Wendy Kelly was looking forward to hearing Bruce Springsteen‘s new album when she heard he would be performing live in New Jersey.

“I knew the tickets were going on sale,” Kelly says. “My best friend, who has a child with autism and spina bifida, told me that she’d come up to the concert if I could get tickets. She was down in Florida. It would be like a respite weekend for her.”

So Kelly cleared her entire morning, fired up two browsers and went to Ticketmaster’s Web site 15 minutes before seats went on sale.

The Web site behaved mysteriously. Ticketmaster, the world’s largest ticket agent, kept moving her around in the online queue, telling her she had 10 minutes to wait, then 15 minutes.

Then it sent her to another site, one also owned by Ticketmaster. There, at TicketsNow, she was offered resale tickets for three, four and five hundred dollars. Dejected, Kelly closed her browser, ticketless.

“I thought I was going to get tickets,” she says. “I was going to get decent tickets for a change. I didn’t think I wasn’t going to get any tickets.”

It hasn’t been the best week for Bruce Springsteen. Sure, he played the Super Bowl, and he just released a new album, Working on a Dream. But more than 850 Springsteen fans have filed complaints with the New Jersey attorney general over the ticketing situation.

Springsteen himself is furious, or so he says in an online posting that lambastes Ticketmaster for what he calls a conflict of interest. So what happened?

“This is one of those rare windows into the murky world of secondary ticketing,” says Bill Werde, the editorial director of Billboard, a magazine and Web site that covers the music industry.

Secondary ticketing is the practice of reselling tickets that have already been bought at face value. Once the domain of scalpers, secondary ticketing is now big business for legitimate Web sites. Werde says that the vast majority of fans would probably be surprised to find out how ticketing works.

A lot of money could be made by managers and promoters selling their tickets through secondary sites. Springsteen claims that he and his manager had no idea this was going on.

This practice is not illegal. Nevertheless, the New Jersey attorney general has launched an investigation. Even Democratic U.S. Rep. Bill Pascrell has joined, bringing in the Federal Trade Commission to investigate.

Pascrell says that because it’s Springsteen — famously a New Jersey native — the issue cut close to home.

“He’s been singing since the ’70s about working men and working families,” Pascrell says. “Times are bad enough, but then, when you want a little entertainment in your life, you’re at the beckon of these companies. And they’re getting more and more of a monopoly, these ticket companies.”

Pascrell is referring to a possible merger between Ticketmaster and Live Nation, the country’s largest concert promoter.
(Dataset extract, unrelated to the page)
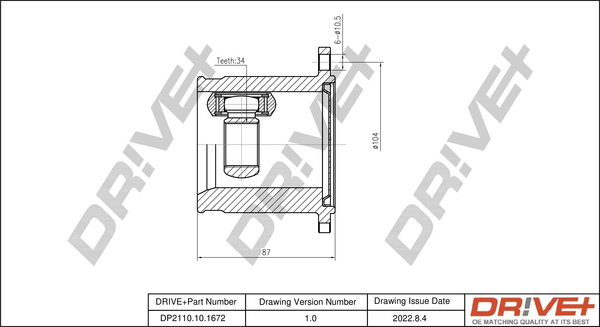 Kit giunti, Semiasse - DP2110.10.1672 Dr!ve+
Werde says that would be a boon for them both in an otherwise dismal music industry.

“The places where music is still making money, it’s touring — these two companies, if they merged, they would basically own that,” Werde says. “They would own that space.”

In the meantime, Ticketmaster has apologized for the Springsteen kerfuffle, and has offered refunds to some fans. The company did not respond to requests for an interview, though it has promised it won’t happen again.